God loved us enough to create us, to form us from the dust.
God loved us enough to let us fail, to let us choose our own way over God’s – to let us chain ourselves to sin and defeat and heartbreak and sorrow and death.
God loved us enough to provide a rescue, a way back: through wanderers, murderers, adulterers, defaulters, promise-breakers, foreigners, strangers, and lovers.
God loved us enough to show us mothers, judges, kings, and prophets who loved and spoke for God and kept reminding us of the promise of redemption
God loved us enough to show us how evil and wrong continually mess things up and how obedience to God fosters holiness and bestows blessing
God loved us enough to send us Jesus, the only begotten Son of God, to preach and live peace, grace, hope, joy, and love.

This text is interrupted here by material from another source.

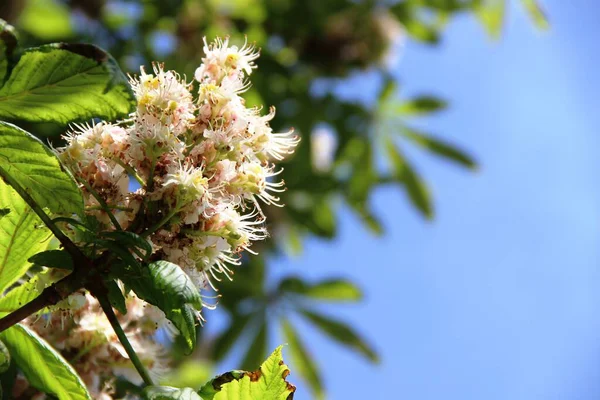 Blooming chestnut. white flowers blooming chestnut against a backdrop of blue sky. concepts of spring flowering and Allergy — ストック写真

God loved us enough to see Jesus rejected, to see him die, to see him buried.
God loved us enough to raise Jesus from the dead and send the Holy Spirit to remind us of all we have in him and empower us to live like him.
God loved us enough to want us to live like Jesus – an abundant life infused with all the fruit of the Spirit, redeemed, free, loved.
God loved us enough to still let us choose our destiny.
God loved us enough to promise the hope of forever, of resurrection from the dead, and judgement.
God loved us enough, God loves us enough, God will always love us enough.
For God so loved the world…
God loves you.
God wants you to know it. God wants you to live in it.
God wants you to be able to love others because you know you are loved.
God’s love is expressed to us every week, most tangibly, as we gather at this table: The Son who died and yet lives, gave everything so we could know the depth of God’s love.
So, Come. Drink the wine. Eat the bread. Know you ARE loved.
God loves you. Go, love the world with him.